The GOP-controlled North Carolina General Assembly on Tuesday evening overrode a veto from the governor on a bill that prohibits abortions after 12 weeks and imposes more restrictions on providers and patients.
The lower chamber’s vote came after the state Senate voted to override the veto earlier Tuesday. Gov. Roy Cooper (D) had vetoed the bill over the weekend, lambasting Republicans for including “medically unnecessary obstacles and restrictions.”
North Carolina had allowed for abortions up to 20 weeks, but that time frame is now reduced to 12 weeks as the bill becomes law.

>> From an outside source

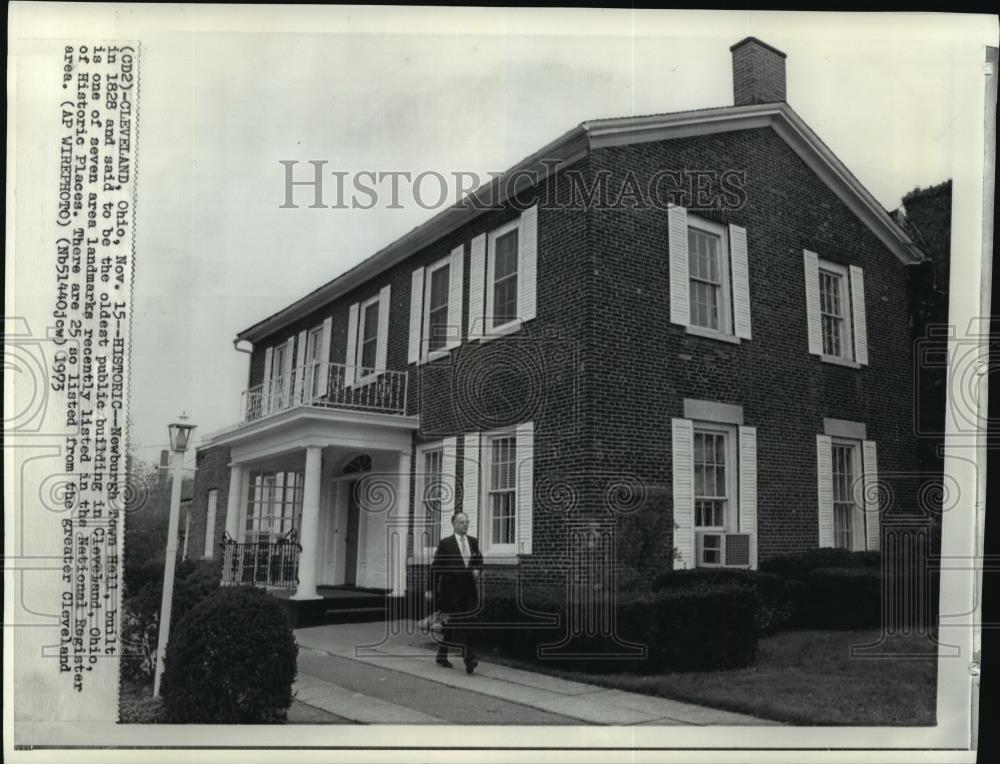 1973 Wire Photo Newburgh Town Hall built in 1828, oldest public building- Cleve - Historic Images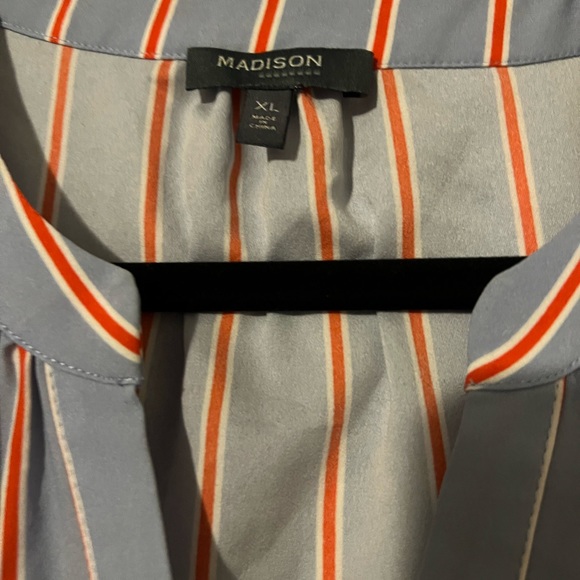 Fun work blouse! - Picture 3 of 3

The 12-week ban is set to go into effect immediately. Some provisions will go into effect later this year, such as heightened restrictions on administering medical abortions and licensing requirements for new abortion facilities.
However, N.C. Democratic lawmakers have argued the law actually limits abortions to a shorter time frame, owing to how it reduces when medical abortions can be performed to 10 weeks. Medical abortions account for more than half of all abortions in the U.S.
Abortion clinics are now vulnerable to losing their licensing with the enactment of this bill as it allows the North Carolina Medical Care Commission to “adopt, amend and appeal” the rules applied to such facilities.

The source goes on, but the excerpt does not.